◆ Provided data:
%%

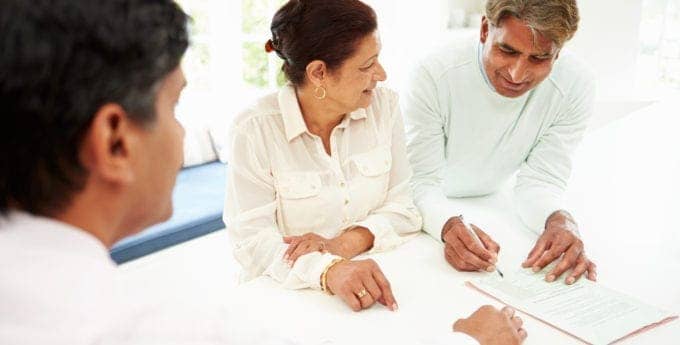 Why You Need a Will, Power of Attorney, and Representation Agreement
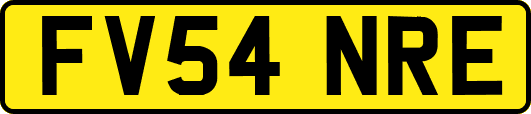 FV54NRE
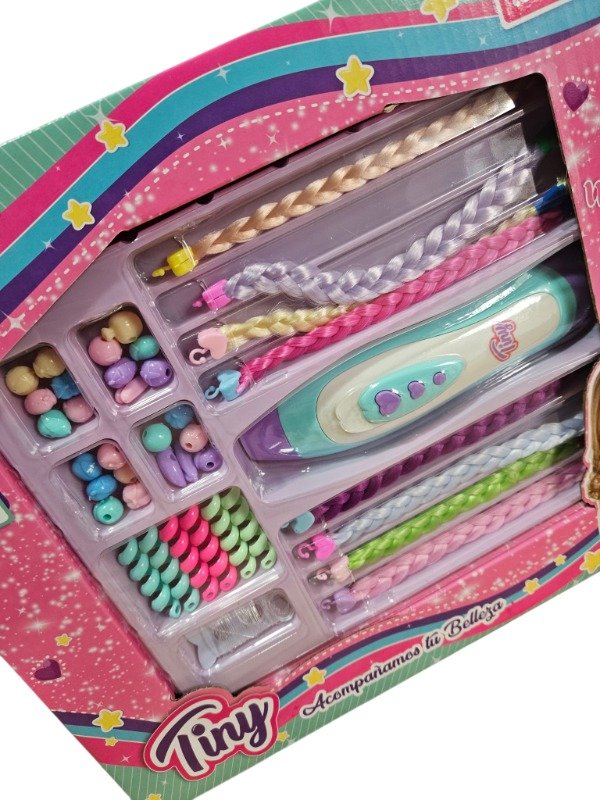 Miniatura de producto - 1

%%

◆ What is being asked:
Copy the data character for character, but drop all pictures from the copy.

◆ Your response:
 Why You Need a Will, Power of Attorney, and Representation Agreement
 FV54NRE
 Miniatura de producto - 1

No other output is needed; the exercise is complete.